I was cringing just reading that.

Tonights going to be great.


----------



## DexterTCN (Dec 15, 2010)

Really looking forward to this.


----------



## Spymaster (Dec 15, 2010)

Claud is going to kill Baggs!


----------



## nick h. (Dec 15, 2010)

"You're not even a fish."


----------



## magneze (Dec 15, 2010)

Lol at the head of Viglen not actually knowing what he's on about. What's an ISP again?


----------



## softybabe (Dec 15, 2010)

nick h. said:


> "You're not even a fish."


 
He's a tadpole!

I dont know who I want to win hmmmmmmmm


----------



## magneze (Dec 15, 2010)

Chris and Stella I reckon. Chris seemed to do very well.


----------



## Big Gunz (Dec 15, 2010)

magneze said:


> Chris and Stella I reckon. Chris seemed to do very well.


 
Yeah that's what I think as well watching the interview process.  But LS has been very unpredictable.


----------



## binka (Dec 15, 2010)

stella's going to win it's been obvious from week one imo


----------



## nick h. (Dec 15, 2010)

How many will be fired tonight? Will it really be 3?


----------



## magneze (Dec 15, 2010)

The head of Viglen doesn't know about broadband so it could be four.


----------



## softybabe (Dec 15, 2010)

nick h. said:


> How many will be fired tonight? Will it really be 3?


 
2...


Chris is so nerdy though  my academic this and that


----------



## Spymaster (Dec 15, 2010)

"You're full of shit!"


----------



## blairsh (Dec 15, 2010)

Stuart Baggs - "Full of shit"


----------



## nick h. (Dec 15, 2010)

Baggs is dead. Can't wait to see him on the You're Fired prog.


----------



## Spymaster (Dec 15, 2010)

YAY!

Bags the bollocks gone!


----------



## magneze (Dec 15, 2010)

Stuart's taking a fall here. Feel quite sorry for him actually.


----------



## nick h. (Dec 15, 2010)

Stella and Chris ftw.


----------



## DexterTCN (Dec 15, 2010)

A Bagg of shit?


----------



## DexterTCN (Dec 15, 2010)

Stella!


----------



## softybabe (Dec 15, 2010)

Spymaster said:


> YAY!
> 
> Bags the bollocks gone!


 
seconded!


----------



## nick h. (Dec 15, 2010)

Poor Joanna.


----------



## DexterTCN (Dec 15, 2010)

He's already got a cleaner.


----------



## Hoss (Dec 15, 2010)

magneze said:


> Stuart's taking a fall here. Feel quite sorry for him actually.


 
He made my skin crawl.

Not many people have that effect but watching him in those interviews he genuinely made me feel sick.

Smarmy twat.


----------



## aqua (Dec 15, 2010)

final on sunday people, not next wednesday


----------



## DexterTCN (Dec 15, 2010)

Judging on the interviews, the best two got through.


----------



## nick h. (Dec 15, 2010)

I really hope Baggs gets booed on BBC2 now.


----------



## magneze (Dec 15, 2010)

Hoss said:


> He made my skin crawl.
> 
> Not many people have that effect but watching him in those interviews he genuinely made me feel sick.
> 
> Smarmy twat.


He was smarmy but the guy from Viglen who wielded the knife seemed to know fuck all himself. He was probably Stuart 10 years ago.


----------



## DexterTCN (Dec 15, 2010)

aqua said:


> final on sunday people, not next wednesday


 
Did they say that?  I'm already on BBC2 for Fired.  Cheers for the heads up.


----------



## aqua (Dec 15, 2010)

DexterTCN said:


> Did they say that?  I'm already on BBC2 for Fired.  Cheers for the heads up.


yep sunday @ 9pm on BBC1
http://www.bbc.co.uk/apprentice/


----------



## big eejit (Dec 15, 2010)

Sugar always goes for the boring ones. 

I thought Baggs was impressive in the end. And to go out because the head of Viglen doesn't understand what an ISP is just looked vindictive.

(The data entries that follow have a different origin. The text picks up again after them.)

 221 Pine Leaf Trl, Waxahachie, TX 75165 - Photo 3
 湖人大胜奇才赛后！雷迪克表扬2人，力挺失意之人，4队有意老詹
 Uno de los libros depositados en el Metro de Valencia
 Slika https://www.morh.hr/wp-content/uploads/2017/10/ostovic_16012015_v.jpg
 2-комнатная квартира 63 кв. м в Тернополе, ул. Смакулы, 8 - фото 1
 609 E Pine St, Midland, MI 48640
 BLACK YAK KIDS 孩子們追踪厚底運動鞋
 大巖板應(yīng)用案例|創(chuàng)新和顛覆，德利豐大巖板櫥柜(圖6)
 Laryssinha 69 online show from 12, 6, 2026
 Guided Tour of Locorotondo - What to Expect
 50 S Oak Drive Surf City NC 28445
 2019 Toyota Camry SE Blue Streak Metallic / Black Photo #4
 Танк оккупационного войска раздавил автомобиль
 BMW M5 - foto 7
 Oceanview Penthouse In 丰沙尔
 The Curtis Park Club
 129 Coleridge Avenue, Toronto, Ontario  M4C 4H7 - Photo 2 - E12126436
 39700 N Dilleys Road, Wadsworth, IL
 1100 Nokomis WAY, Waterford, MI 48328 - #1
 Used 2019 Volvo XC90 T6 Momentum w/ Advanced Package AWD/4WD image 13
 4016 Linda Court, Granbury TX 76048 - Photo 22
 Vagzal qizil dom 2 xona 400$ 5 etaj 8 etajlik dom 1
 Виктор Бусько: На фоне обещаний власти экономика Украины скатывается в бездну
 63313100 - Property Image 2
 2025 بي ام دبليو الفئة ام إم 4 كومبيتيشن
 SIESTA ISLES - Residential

Another boring office bod for Sugar whoever wins. Hope Baggs buys him out one day!


----------



## Santino (Dec 15, 2010)

The Baggs firing was a bit sudden. I wonder if there was something else mentioned that they couldn't/wouldn't show.


----------



## softybabe (Dec 15, 2010)

aqua said:


> yep sunday @ 9pm on BBC1
> http://www.bbc.co.uk/apprentice/


 
thanks aqua!  Sunday is going to be so packed for me...football and Apprentice ...we might order pizza n all


----------



## ymu (Dec 15, 2010)

I don't get why people are saying Viglen Man didn't know what an ISP is. He clearly did - and he knows what it isn't, too. It was Baggs that seemed unaware of the difference between an ISP licence and a telecommunications licence.

Whether or not there was more to it than they showed, is anyone surprised that Baggs was exposed as a bullshitter?


----------



## Paul Russell (Dec 15, 2010)

magneze said:


> Lol at the head of Viglen not actually knowing what he's on about. What's an ISP again?



I know fuck all about the Internet but when the head of Viglen described ISP as standing for "internet service protocol", I thought, "hold on, doesn't it stand for "internet service provider"?

IP is internet protocol, isn't it?

Can someone who actually knows about this stuff enlighten me...


----------



## Spymaster (Dec 15, 2010)

ymu said:


> I don't get why people are saying Viglen Man didn't know what an ISP is.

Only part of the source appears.